RSS

Tag Archives: Abbyy FineReader

A few words from the typing pool

Desk

When Ben asked me to take on this project I was above all grateful for the opportunity, as it arrived just as I was setting up shop for myself as a proofreader and writing support assistant for hire – a venture which began in testing circumstances but has since proved one of my better decisions, not least for access to so many vivid and rare first-person insights into what a century ago would develop into one of the costliest conflicts in human history.

Initially I was asked to go over the output of the software Ben had been using to convert scans of the decades-ago typed transcriptions of her ancestors’ letters, which were done in something like Lucida Sans – a plain enough typeface to work with but still challenging for the software concerned, not least because most of the scans weren’t vertically very well aligned, which added an extra element of jauntiness to the outcome.
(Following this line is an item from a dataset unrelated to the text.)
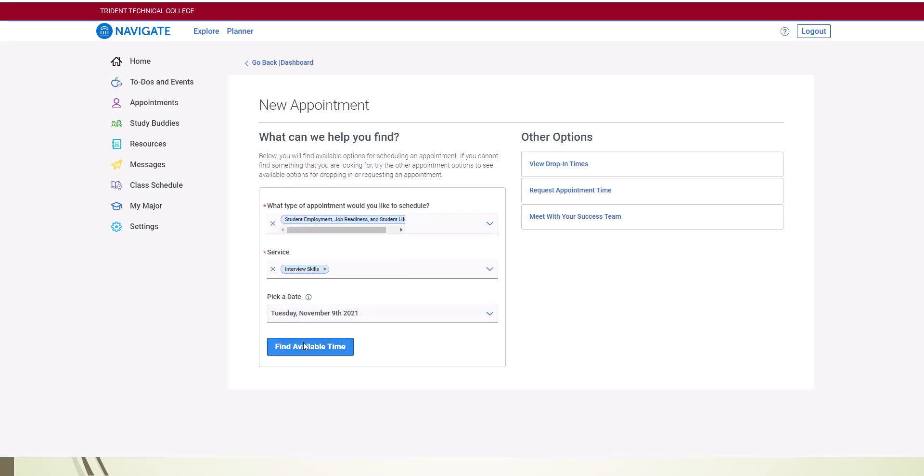This concludes the tutorial on Scheduling Appointments in Navigate. If you have further questions, please call the Hub at 574-6436.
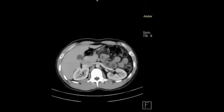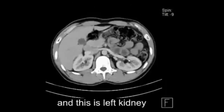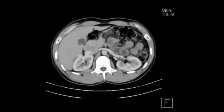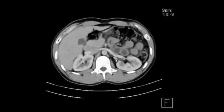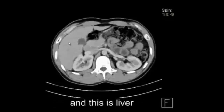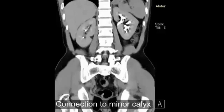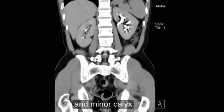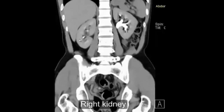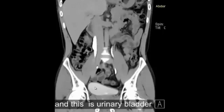This is an axial image. This is the right kidney and this is the left kidney. Renal vein, renal artery, abdominal aorta, and this is the liver. Right kidney, left kidney, connection to minor calyx, major calyx and minor calyx. Right kidney, left kidney, renal pelvis, right ureter, left ureter.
Added to that, though it seemed to be improving with more input the errors that kept recurring were possibly more to do with the print on the pages themselves – it may only take a lighter pixel or two from the program’s perspective for an m to be rendered as r n, or a slightly heavier amount of ink at the foot of an h to be a b instead. This, and considerable confusion created by numbers, punctuation and some of the original authors’ idiosyncratic writing made for an uphill struggle, with sometimes unintentionally comical consequences (“the men are hoping they’ll all be homo by Christmas.”)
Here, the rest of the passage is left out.